The trial court’s award of attorney’s fees to the defendant is affirmed.

So ordered.


[Note 1] The Hon. Stephen S. Ostrach has recused himself from the review and decision of this appeal.

[Note 2] The agreement for judgment provided for the award of costs to Anderson, “including reasonable attorney’s fees pursuant to G.L. c. 93A and G.L. c. 186, § 14 to be determined by the Court upon Motion by the Defendant.”

[Note 3] The tennis match of filing and reply, filing and reply, is reflected throughout the docket and the 447 pages of filings regarding attorney’s fees. In contrast, Queen Annes’ complaint, Anderson’s answer, and the parties’ agreement for judgment consisted of five pages.

[Note 4] There was no abuse of discretion in the denial of Queen Annes’ reconsideration motion, which failed to present any new evidence or information not available to Queen Annes at the time of the initial assessment hearing. Floyd v. Owens, 2009 Mass. App. Div. 219, 223, citing Harmon Plumbing, Inc. v. Jacobs, 1994 Mass. App. Div. 89, 90 and Peterson v. Hopson, 306 Mass. 597, 599 (1940) (“When there has been no change of circumstances and no new evidence, a court is not required even to entertain, much less hold a hearing, on a reconsideration motion.”).

[Note 5] In arguing that the attorney’s fees awarded by the trial court here were “disproportionate,” Queen Annes urges that both the trial judge in this case and appellate courts are familiar with Anderson’s attorney’s customarily expansive and excessive claims for attorney’s fees. Queen Annes references, for example, Moore Real Estate Trust v. Din-Dayal, in which Anderson’s attorney sought legal fees in the amount of $208,035.74 for 550 hours of claimed work on a summary process appeal. The Appellate Division, Northern District awarded only $29,500.00, concluding in a summary decision (No. 9962, issued Dec. 19, 2006) that Anderson’s attorney’s billings were blatant overkill, and patently excessive and unreasonable. Queen Annes also points to Stowe v. Bologna, 417 Mass. 199 (1994), in which the Court rejected Anderson’s attorney’s bill for $81,332.75 and awarded him only $30,000.00, determining that the issues on appeal in that case were not sufficiently varied, numerous, complex, or novel to warrant the amount of fees requested. At issue, however, are the attorney’s fees in this case, and there is nothing in the record to suggest that the trial judge did not properly apply the applicable standard to the facts of this case.

[Note 6] Queen Annes is unpersuasive in its attempt to minimize the significance of this case, the issues raised, and the defense marshaled by Anderson. If, as Queen Annes argues in its brief, it was “undisputed that Anderson failed to tender rent/use and occupation for an extended period of time,” Anderson would have been evicted and adjudged liable for unpaid rent.

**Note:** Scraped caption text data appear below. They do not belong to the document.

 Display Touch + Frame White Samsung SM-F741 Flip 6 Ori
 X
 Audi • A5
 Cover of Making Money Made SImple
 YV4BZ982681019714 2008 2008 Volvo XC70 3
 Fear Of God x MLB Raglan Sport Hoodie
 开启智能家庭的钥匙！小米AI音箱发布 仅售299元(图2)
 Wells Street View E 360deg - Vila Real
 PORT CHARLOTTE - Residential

But Queen Annes itself agreed that Anderson should continue in possession and was entitled to damages. Queen Annes also quotes the Uniform Summary Process Rules references to the need for expeditious and inexpensive proceedings in such “routine matters.” While that established policy is sound, there is nothing routine about a summary process action to an individual defendant faced with eviction and homelessness. To minimize the importance of every eviction case also diminishes the complex factual and legal issues with which courts are faced in handling these matters daily. Volume plus routine do not equal insignificance or even simplicity. Granted, in many summary process cases, the landlord is well within its rights in seeking an expeditious eviction. But that in no way suggests that a tenant’s defense against an eviction should not be vigorous and thorough, and that a prevailing tenant should not be awarded reasonable attorney’s fees for the work required in mounting that defense.